The Federal Federal Bureau of Investigation (FBI) and Department of Homeland Security (DHS) are on the hunt to track down what disrupted service AT&T, Verizon, T-Mobile and a dozen other cellular providers.
While the agencies have not shared details, a security expert told DailyMail.com that the outage has hallmarks of a hack.
Lee McKnight, associate professor at Syracuse University in New York, said the widespread nature appears to be ‘a massive Distributed Denial of Service (DDOS) attack on core Internet infrastructure.’
This type of attack attempts to crash a website or online service by bombarding it with a torrent of superfluous requests at exactly the same time.

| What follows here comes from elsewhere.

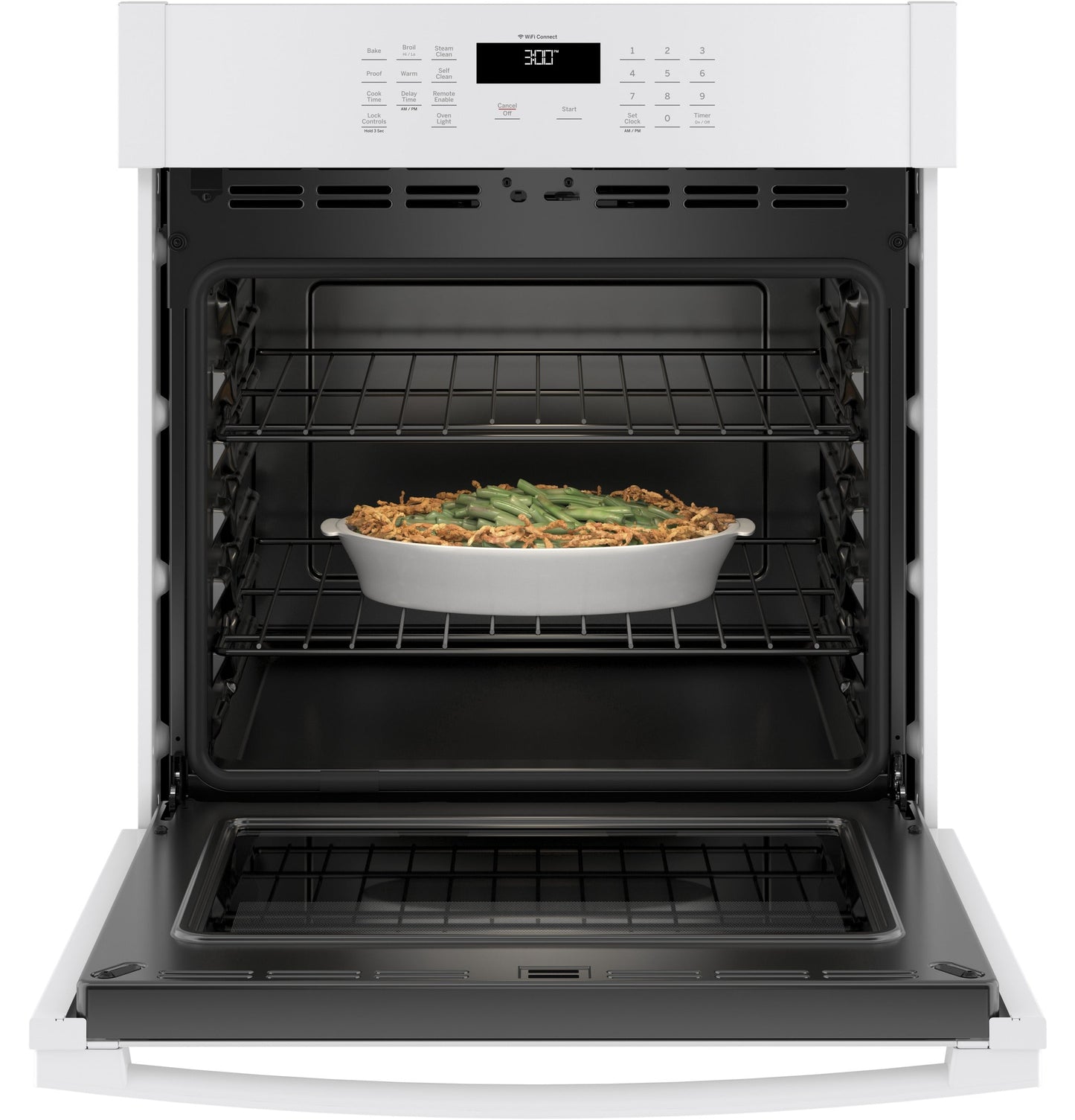GE® 27" Smart Built-In Single Wall Oven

The surge of simple requests overload the servers, causing them to become overwhelmed and shut down.
McKnight, who is also an Affiliate of the Institute for National Security and Counterterrorism (INSTC), noted that DDOS is becoming a popular assault among cybercriminals.
He referenced the event in 2016, which saw the Mirai botnet bring down sites like Netflix, Twitter, Amazon and PayPal.

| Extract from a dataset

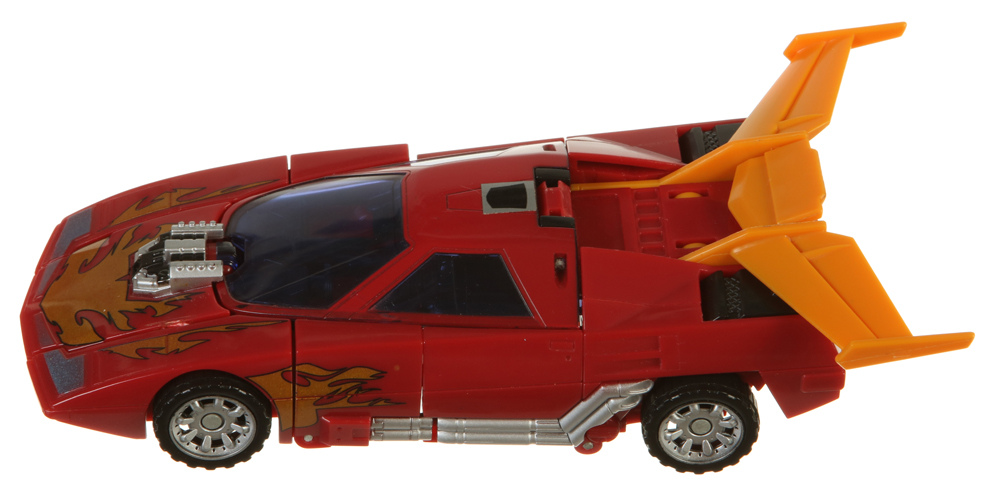 Deluxe Class Rodimus (Transformers, Classics, Autobot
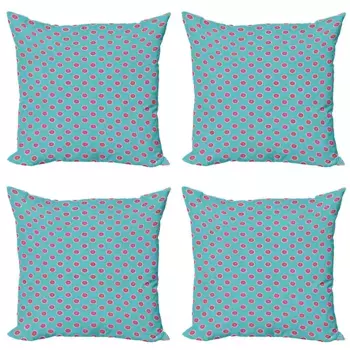 Чехол для подушки Abakuhaus, цвет Aqua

‘Some of those were launched by – kids for fun – others by malicious actors,’ said McKnight.
‘Reality is you cant rent DDOS as a service attacks by the hour on the Dark Web, so who exactly might be behind it may never by fully known/attributed.’
The purpose of disrupting cellphone services could simply be to cause chaos, by preventing 911 calls.
But the outage could simply be a byproduct of the hackers’ real intention – espionage.
After gaining access to mobile carriers’ internal servers, the hackers would have access to call data records on customers.
That would provide information like geolocation data, call logs and text messages.
The professor had speculated a cloud misconfiguration could also be the culprit, which means the outage was caused by human error.
‘A major cloud service provider such as AWS or Azure experiencing an outage at one of their data centers is possible but less likely to be the cause in my opinion,’ McKnight said.